Sadly inspiration doesn’t come to us neatly packaged. We can’t open a box and find a set of instructions that will turn out to be a perfect, flat-pack novel. We must be prepared for a word or phrase, for a character in the street, a moment of anger or sadness, anything that plants the seed of an idea in our heads. And we mustn’t lose it. Make a note of everything and store it. A notebook is good, the act of writing appears to file it away in the brain ready to be used in the future. You won’t remember it the next day (though it will pop up if you need it) which is why  the notebook is beneficial. It will also allow you to flick through your ideas and see if any of them resonate and could become something more than a jotting.

If something appeals or has been nagging away at you, sit down and write. Don’t pretend that this will be your major work, just let the words flow until they run out. Don’t push yourself into the writing because your writing will become laboured and stodgy. Write, rest, re-read. If more ideas immediately spring to mind, write more but don’t try too hard. Put it away and pick it up another day or week.

As a journalist I discovered two ways of writing. There was the stuff that had to be written almost instantly to meet a deadline, usually news material, and then there were pieces that weren’t required for a week or so. The second group seemed to benefit from being ignored for a few days. I used to think of it as putting them ‘on the back burner’. Unknown to you, they simmer away somewhere in your head and are ready to emerge when you next go to them. Writing your short story, book or play appreciates some space occasionally, so your head can get the next phase organised.

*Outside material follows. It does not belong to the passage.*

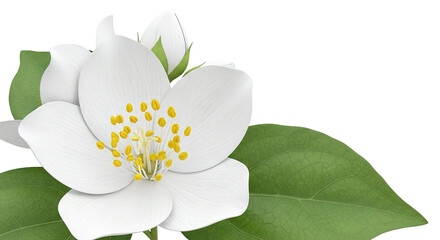 Fototapeta premium Close-up of a white Jasmine flower with green leaves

Whether this piece of writing is important is irrelevant initially. It’s just an exercise that gets you writing more naturally and fluently, without strain or stress. If it sticks with you then other ideas will emerge from it or around it and you will find that you have a beginning, it’s just that it may not actually be the beginning. You may have written the last paragraphs, or the first. Or they may pop up somewhere in the middle. You may have created a character who becomes a person and you never actually use what you have just written. You may have created a location or a mood or some combination of all of them. Brilliant.

From any of these situations you may have sparked the idea that wants to be turned into something more substantial and your next set of notes may see this germ of an idea becoming some sketchy plan. Again, don’t rush it, let the idea grow. You are not yet a 10,000 words a day writer who can meticulously plan every twist and turn to produce a book in a few weeks. You should still be in that awesome phase were you are just beginning to realise the amazing potential of your ideas and enjoying the revelation.